WORK TO BE COMPLETED
With the pictures excluded, output only the lines from the one containing "this 720×420 image." through the last line of the entries, unchanged.
--
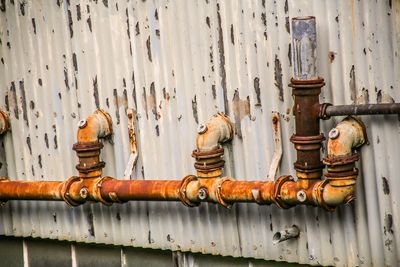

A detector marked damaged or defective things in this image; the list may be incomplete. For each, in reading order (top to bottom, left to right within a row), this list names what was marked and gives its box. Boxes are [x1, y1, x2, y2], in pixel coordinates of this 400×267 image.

rusty pipe elbow [76, 109, 112, 144]
rusty pipe elbow [195, 112, 233, 152]
vertical rusty pipe [290, 16, 324, 181]
rusty pipe elbow [324, 116, 366, 158]
horizontal rusty pipe [320, 102, 400, 119]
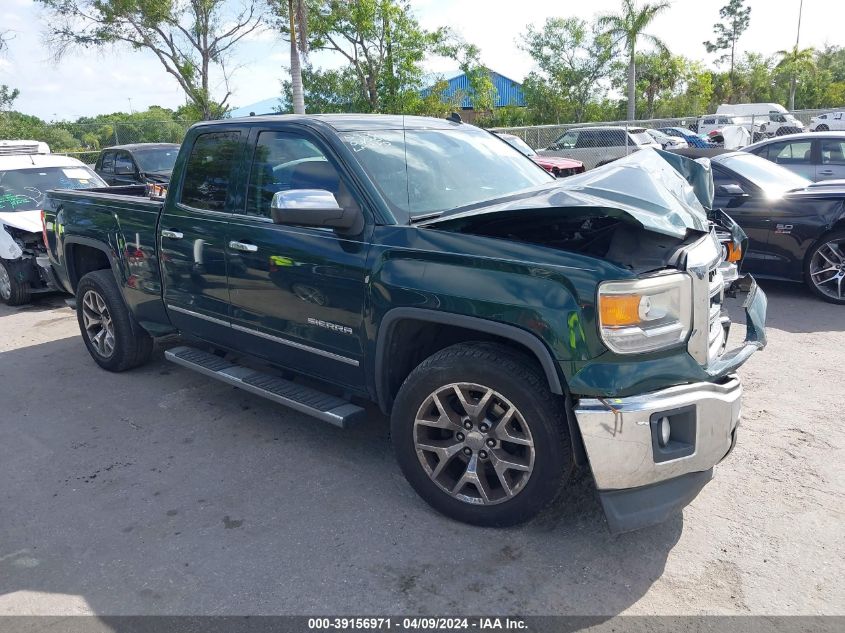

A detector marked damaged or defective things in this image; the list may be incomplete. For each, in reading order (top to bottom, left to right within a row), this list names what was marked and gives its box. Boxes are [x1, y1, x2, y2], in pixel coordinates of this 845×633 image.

wrecked vehicle [0, 145, 107, 306]
wrecked vehicle [41, 116, 764, 532]
damaged green truck [42, 116, 764, 532]
cracked headlight [592, 272, 692, 356]
crumpled front bumper [572, 274, 764, 532]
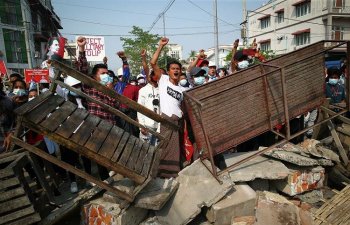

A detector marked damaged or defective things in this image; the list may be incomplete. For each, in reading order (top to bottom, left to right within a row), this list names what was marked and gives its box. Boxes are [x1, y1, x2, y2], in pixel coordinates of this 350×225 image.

rusty corrugated metal sheet [185, 40, 326, 156]
broken concrete slab [82, 199, 148, 225]
broken concrete slab [133, 178, 179, 211]
broken concrete slab [155, 159, 232, 225]
broken concrete slab [206, 183, 256, 225]
broken concrete slab [224, 150, 290, 182]
broken concrete slab [254, 192, 300, 225]
broken concrete slab [262, 144, 334, 167]
broken concrete slab [270, 165, 326, 197]
broken concrete slab [300, 139, 340, 162]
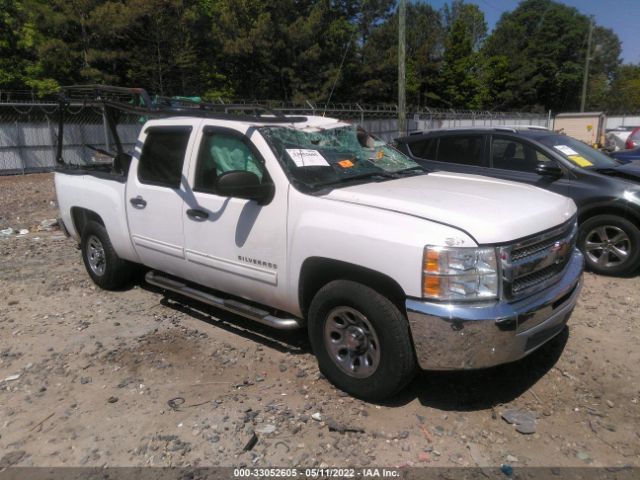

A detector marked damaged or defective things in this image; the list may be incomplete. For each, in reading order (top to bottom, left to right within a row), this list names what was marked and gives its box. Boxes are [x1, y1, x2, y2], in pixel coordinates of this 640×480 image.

cracked windshield [260, 124, 420, 190]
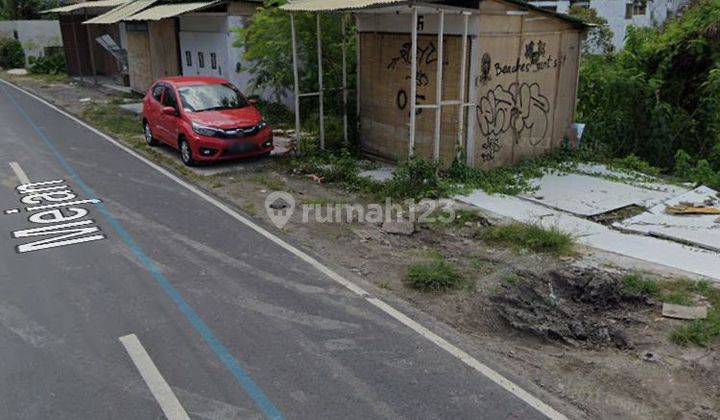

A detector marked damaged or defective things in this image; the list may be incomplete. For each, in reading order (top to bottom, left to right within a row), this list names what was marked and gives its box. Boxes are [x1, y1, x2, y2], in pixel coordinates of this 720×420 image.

broken concrete debris [660, 304, 704, 320]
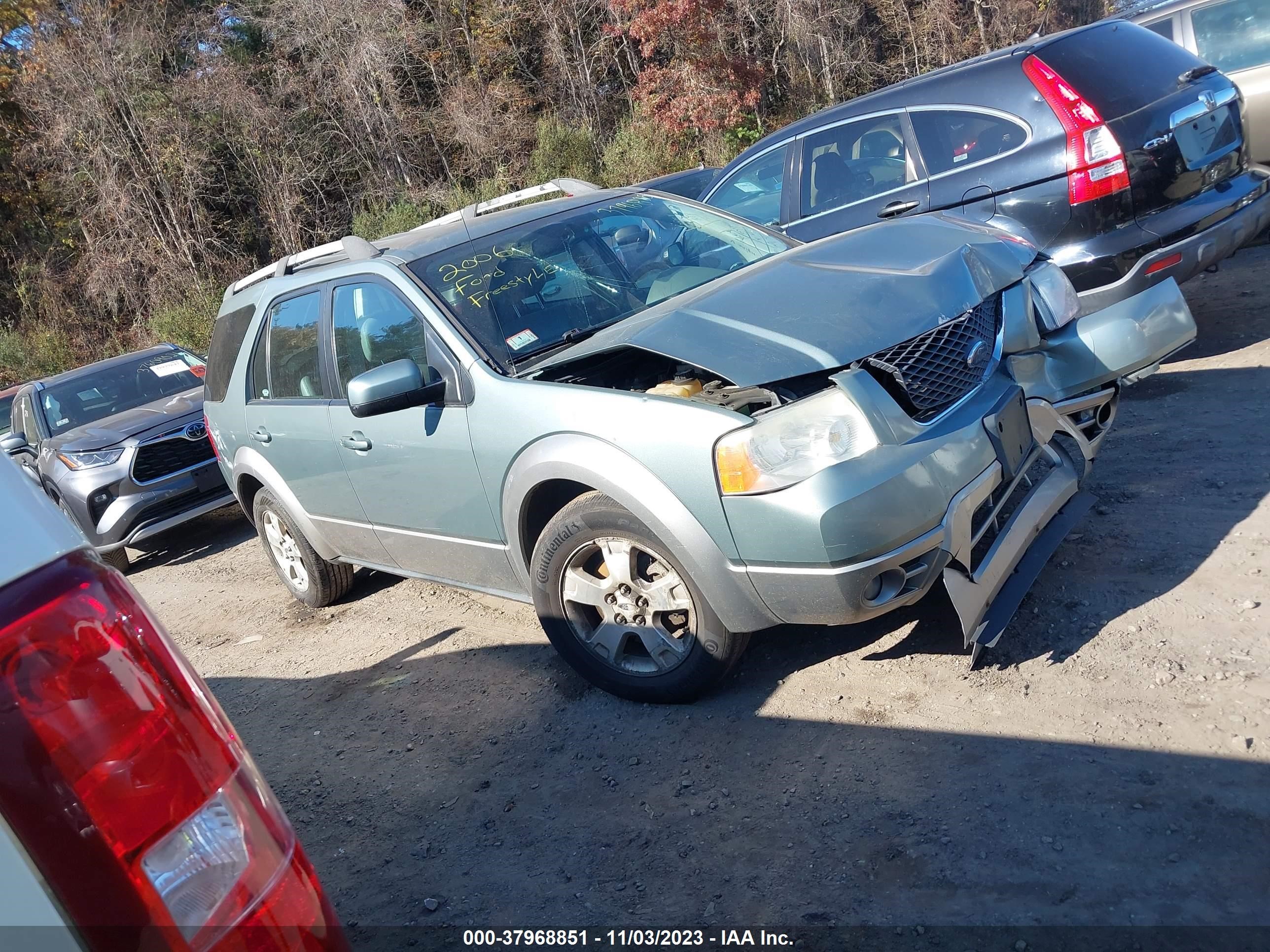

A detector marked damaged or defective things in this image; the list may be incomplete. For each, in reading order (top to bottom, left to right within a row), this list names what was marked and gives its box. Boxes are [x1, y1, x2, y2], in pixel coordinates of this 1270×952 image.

crumpled hood [530, 213, 1036, 388]
crumpled hood [44, 388, 204, 454]
damaged silver suv [203, 177, 1194, 700]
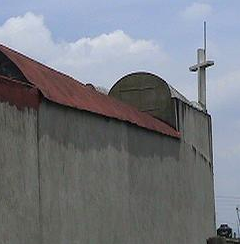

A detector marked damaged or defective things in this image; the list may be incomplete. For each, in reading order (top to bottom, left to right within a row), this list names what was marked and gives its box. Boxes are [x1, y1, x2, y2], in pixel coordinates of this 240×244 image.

rusty metal roof [0, 44, 180, 138]
rust stain [0, 44, 180, 138]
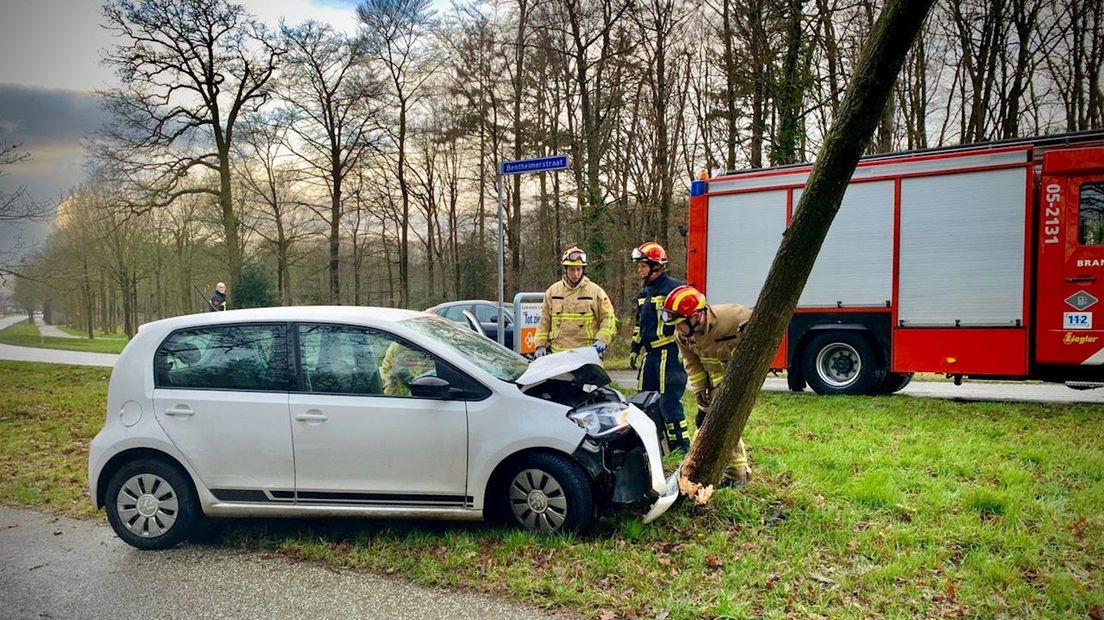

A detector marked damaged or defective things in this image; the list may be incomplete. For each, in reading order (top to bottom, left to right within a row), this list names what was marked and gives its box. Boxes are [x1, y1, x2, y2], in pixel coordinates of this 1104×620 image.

crashed white car [90, 308, 676, 548]
broken headlight [568, 404, 628, 438]
damaged front bumper [572, 402, 676, 524]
--
SOLUTION FOR THIS TASK
A detector marked damaged or defective things in this image; the list may be incomplete. For each, in reading order (top to bottom, left to right within a row), this list names what was marked and gives its box. Boxes are [x1, y1, x2, y2], in pixel coordinates of this 720×420 image.

broken concrete debris [660, 304, 704, 320]

A detector marked damaged or defective things in this image; the list may be incomplete. For each, in reading order (top to bottom, left to right within a row), this list names what was marked and gives its box. Boxes are [x1, y1, x2, y2], in pixel coordinates of this 1270×952 image.

crumpled hood [530, 213, 1036, 388]
crumpled hood [44, 388, 204, 454]
damaged silver suv [203, 177, 1194, 700]

A detector marked damaged or defective things in this image; the list may be incomplete. For each, in reading order (top to bottom, left to right within a row), this list names what was marked and gives its box. Boxes are [x1, y1, x2, y2], in pixel coordinates of this 240×244 image.

rusty metal roof [0, 44, 180, 138]
rust stain [0, 44, 180, 138]

A detector marked damaged or defective things in this image; the list may be incomplete. For each, in reading order (top to bottom, left to right within a row), this list names what was marked and gives its box. Boxes are [x1, y1, x2, y2], in pixel coordinates of this 1104×620 image.

crashed white car [90, 308, 676, 548]
broken headlight [568, 404, 628, 438]
damaged front bumper [572, 402, 676, 524]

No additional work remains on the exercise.